Variable Selection in General Frailty Models using Penalized H-likelihood

Il Do Ha, Jianxin Pan, Seungyoung Oh, Youngjo Lee

    Research output: Contribution to journalArticlepeer-review

    Abstract

    Variable selection methods using a penalized likelihood have been widely studied in various statistical models. However, in semiparametric frailty models these methods have been relatively less studied because the marginal likelihood function involves analytically intractable integrals, particularly when modelling multi-component or correlated frailties. In this paper, we propose a simple but unified procedure via a penalized h-likelihood (HL) for variable selection of fixed effects in a general class of semiparametric frailty models, in which random effects may be shared, nested or correlated. We consider three penalty functions (LASSO, SCAD and HL) in our variable selection procedure. We show that the proposed method can be easily implemented via a slight modification to existing h-likelihood estimation approaches. Simulation studies also show that the procedure using the SCAD or HL penalty performs well. The usefulness of the new method is illustrated using three practical data sets too.

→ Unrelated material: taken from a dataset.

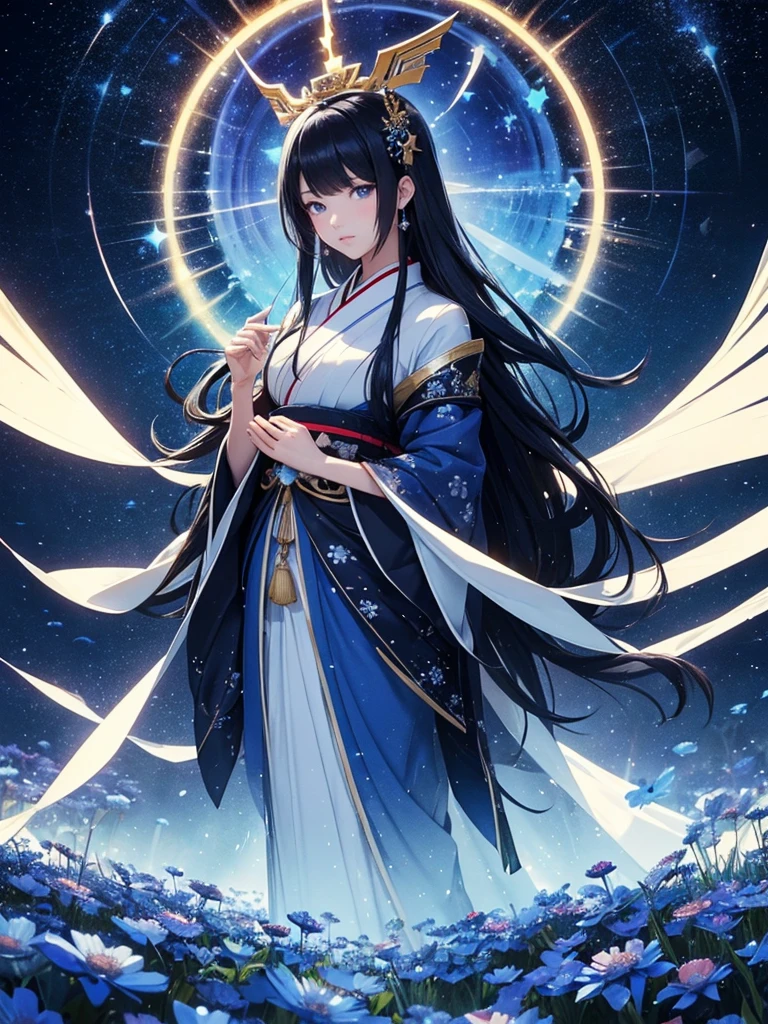 star world, a elegant furisode Lady long black hair standing backstyle on a blue smallFlowers, holding a Japanese SENSE in her hand to summon flying Bright star around her. The background is full of large and small blue flowers, creating an atmosphere of fantasy and dreamy darkblue tones. In the style of a high definition fantasy beautiful ukiyoe, with high resolution. A panoramic view from above, capturing the vastness of nature. Soft lighting creates a warm feeling.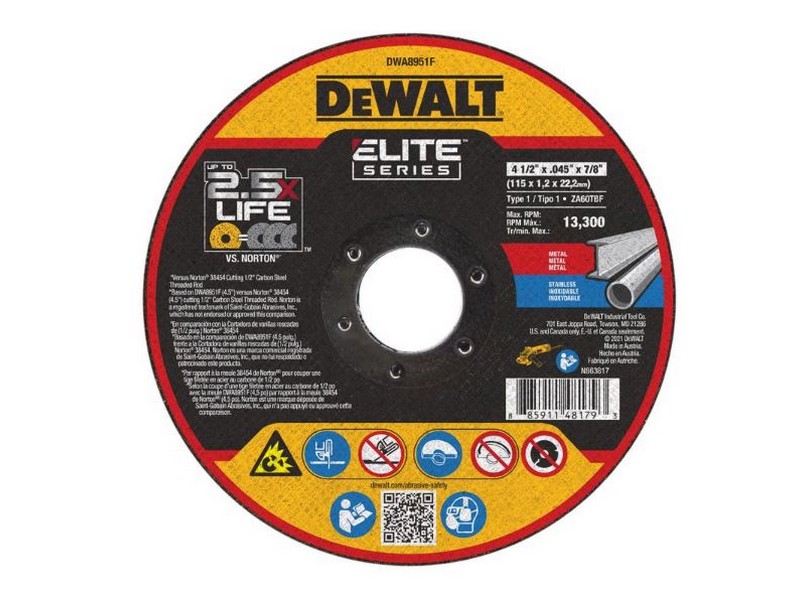 DeWalt Elite 4-1/2 in. D X 7/8 in. Ceramic Cutting Wheel 1 pk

Supplemental materials for the paper are available online.
    Original languageEnglish
    Pages (from-to)1044-1060
    Number of pages16
    JournalJournal of Computational and Graphical Statistics
    Volume23
    Issue number4
    DOIs
    Publication statusPublished - 20 Oct 2014

    Keywords

    • Frailty models; Penalized h-likelihood; H-likelihood penalty function; LASSO; SCAD; Variable selection.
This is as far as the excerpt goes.